XHRS-FM
- Puebla, Puebla; Mexico;
- Frequency: 90.1 FM
- Branding: Match

Programming
- Format: Hot adult contemporary

Ownership
- Owner: Grupo ACIR; (Organización Radio Oro, S.A. de C.V.);
- Sister stations: XHRH-FM, XHRC-FM, XHHIT-FM

History
- First air date: December 2, 1977 (concession)
- Call sign meaning: Ricardo Salas Ramón

Technical information
- Class: B1
- ERP: 19.74 kW
- Transmitter coordinates: 19°02′36.3″N 98°12′43.14″W﻿ / ﻿19.043417°N 98.2119833°W

Links
- Webcast: Listen live
- Website: matchfm.mx

= XHRS-FM =

Radio station in Puebla, Puebla, Mexico

XHRS-FM is a radio station on 90.1 FM in Puebla, Puebla, Mexico. The station is operated by Grupo ACIR and carries its Match hot adult contemporary format.

==History==
XHRS received its first concession on December 2, 1977. It was owned by Ricardo Salas Ramón until 1986, when Radio Oro bought the station.

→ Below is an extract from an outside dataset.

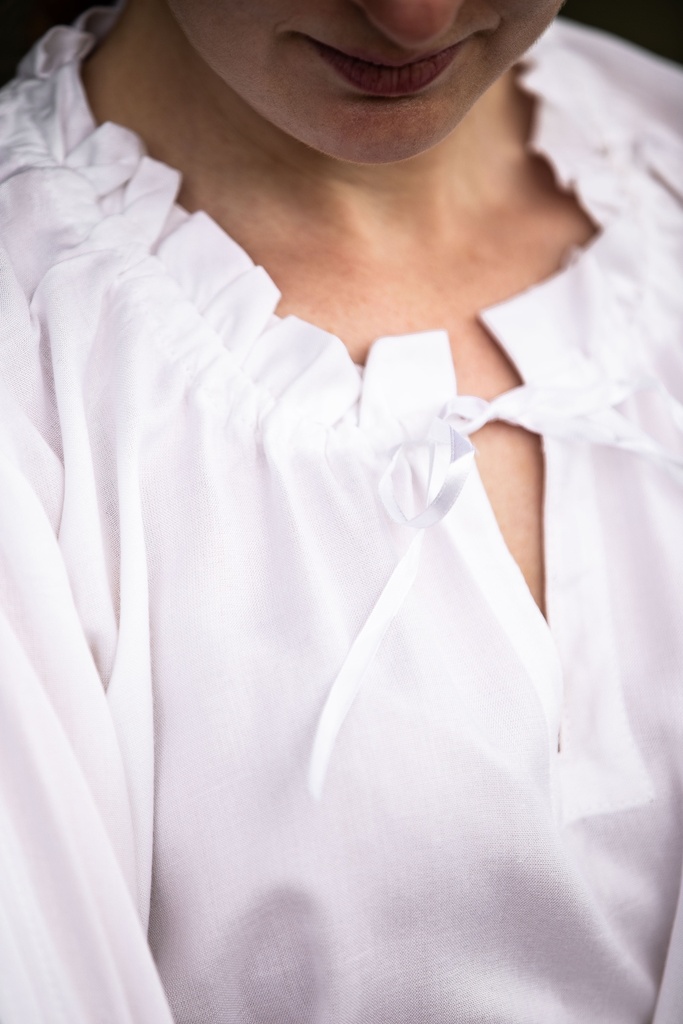 Bluse 'Victoria' mit Raffärmeln Weiß 100% Viskose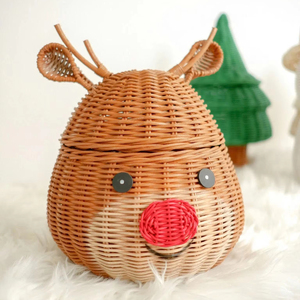 Cesta de Almacenamiento con Tapa en Forma de Reno, Caja de Regalo Navideña, Linda y Festiva, Ecológica, Hecha a Mano en Vietnam, Cálida y Acogedora para el Invierno - Product Image 5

It carried a pop format known as Digital 90.1 until November 18, 2014, when it flipped to the Radio Disney brand.

=== Match ===
On December 8, a newspaper report was published stating that XHRS was about to leave Radio Disney, and that XHECD-FM 92.9 was interested in acquiring the brand rights for Puebla. On December 26, Disney and ACIR announced they were mutually ending their relationship, which had covered twelve Mexican cities. Ten of the twelve Radio Disney stations, including XHRS, were transitioned to ACIR's replacement pop format, Match.